### Extracted information

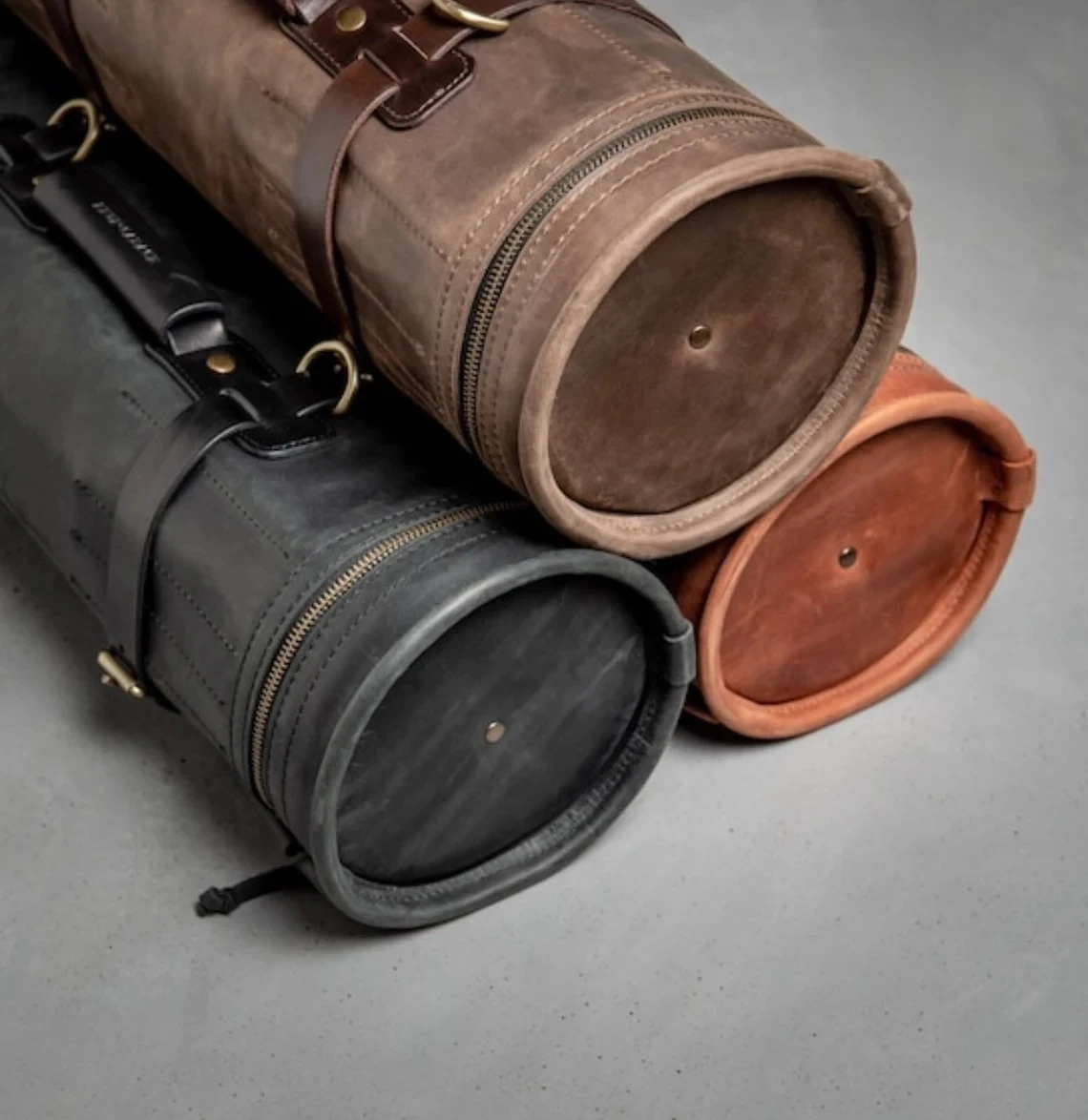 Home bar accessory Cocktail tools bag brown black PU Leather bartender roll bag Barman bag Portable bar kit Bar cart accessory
--
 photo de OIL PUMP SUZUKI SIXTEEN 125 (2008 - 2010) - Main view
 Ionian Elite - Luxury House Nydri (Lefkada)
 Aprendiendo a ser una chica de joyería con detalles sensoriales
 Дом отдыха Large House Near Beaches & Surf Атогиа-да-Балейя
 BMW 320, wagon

### Work to be completed
When the entries above show the word "House" in a line, copy that line out.

### Reply
 Ionian Elite - Luxury House Nydri (Lefkada)
 Дом отдыха Large House Near Beaches & Surf Атогиа-да-Балейя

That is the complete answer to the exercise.